Task goal: Set down, please, exactly the lines below that run from the line with "M.Minter - E.Wietzes" to the line with "Отрезной диск STURM", both lines included.

Information supplied:

++++++++++

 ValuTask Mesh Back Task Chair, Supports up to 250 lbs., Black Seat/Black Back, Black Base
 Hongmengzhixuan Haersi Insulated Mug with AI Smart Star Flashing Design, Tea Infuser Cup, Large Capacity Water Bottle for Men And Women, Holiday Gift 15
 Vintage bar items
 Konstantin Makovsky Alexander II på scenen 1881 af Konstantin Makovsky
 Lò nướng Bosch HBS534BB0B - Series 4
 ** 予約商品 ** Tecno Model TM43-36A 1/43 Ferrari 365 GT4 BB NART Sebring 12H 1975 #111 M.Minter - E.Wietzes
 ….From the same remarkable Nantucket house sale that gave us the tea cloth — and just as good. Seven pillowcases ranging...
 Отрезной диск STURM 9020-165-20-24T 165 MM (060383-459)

++++++++++

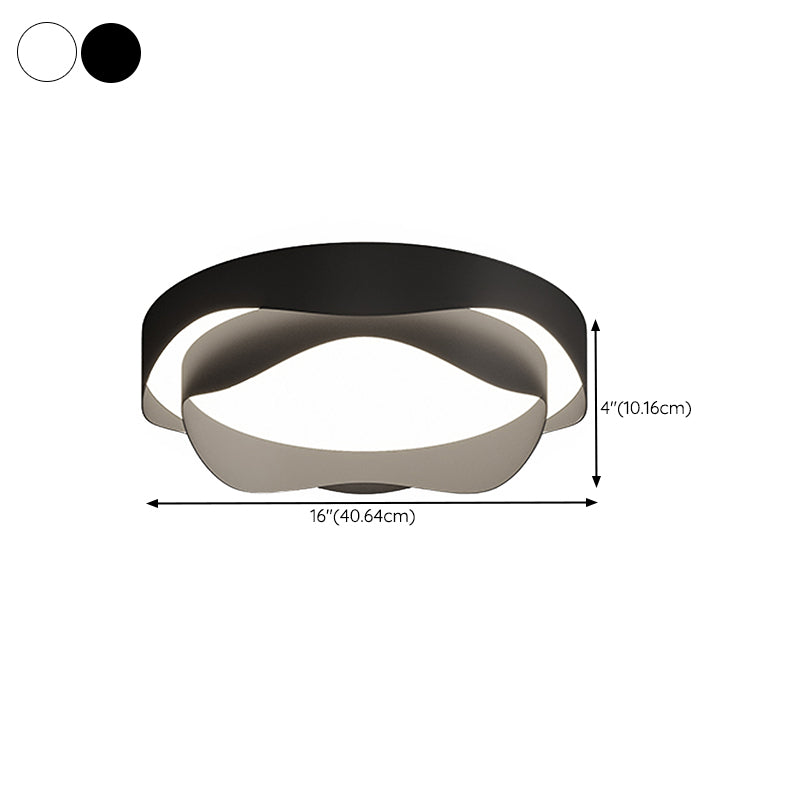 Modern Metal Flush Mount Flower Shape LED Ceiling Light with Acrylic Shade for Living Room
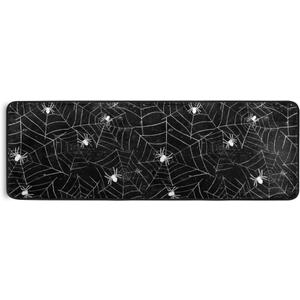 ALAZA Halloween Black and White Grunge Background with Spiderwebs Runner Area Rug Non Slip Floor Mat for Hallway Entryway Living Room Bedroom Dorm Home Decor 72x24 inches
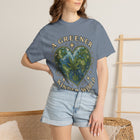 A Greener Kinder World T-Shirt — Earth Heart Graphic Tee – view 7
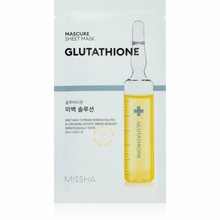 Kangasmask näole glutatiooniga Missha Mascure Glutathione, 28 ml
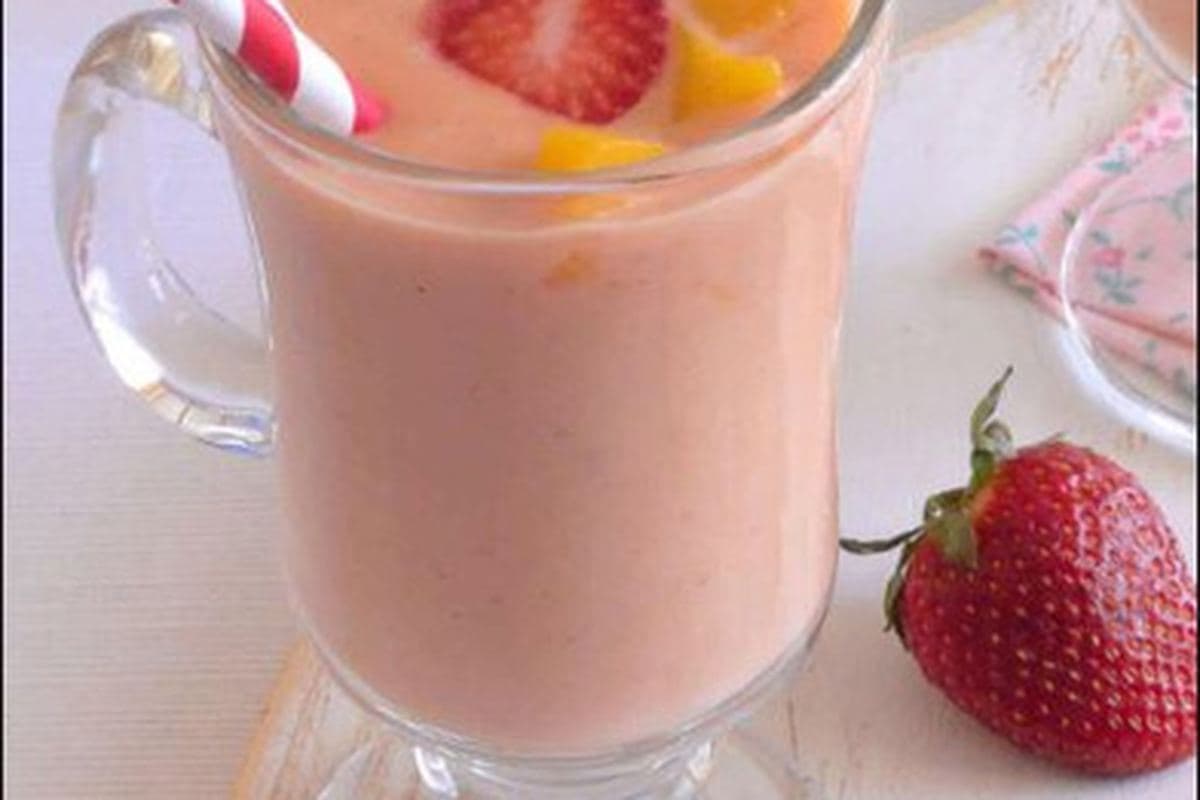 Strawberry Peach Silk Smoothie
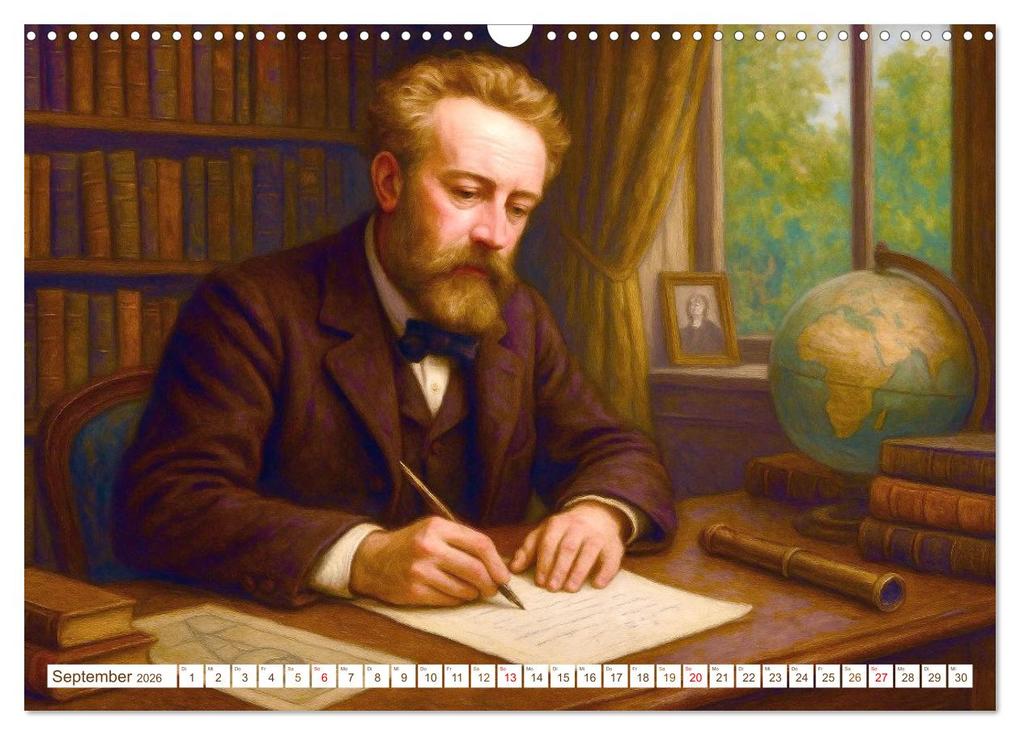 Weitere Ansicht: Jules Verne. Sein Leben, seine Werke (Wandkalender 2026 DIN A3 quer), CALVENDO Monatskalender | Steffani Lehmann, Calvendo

++++++++++

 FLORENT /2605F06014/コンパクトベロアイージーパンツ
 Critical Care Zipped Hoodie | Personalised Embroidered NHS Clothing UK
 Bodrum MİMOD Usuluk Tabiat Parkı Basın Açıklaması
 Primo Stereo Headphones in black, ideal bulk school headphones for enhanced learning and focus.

++++++++++

Solution for this task:
 ** 予約商品 ** Tecno Model TM43-36A 1/43 Ferrari 365 GT4 BB NART Sebring 12H 1975 #111 M.Minter - E.Wietzes
 ….From the same remarkable Nantucket house sale that gave us the tea cloth — and just as good. Seven pillowcases ranging...
 Отрезной диск STURM 9020-165-20-24T 165 MM (060383-459)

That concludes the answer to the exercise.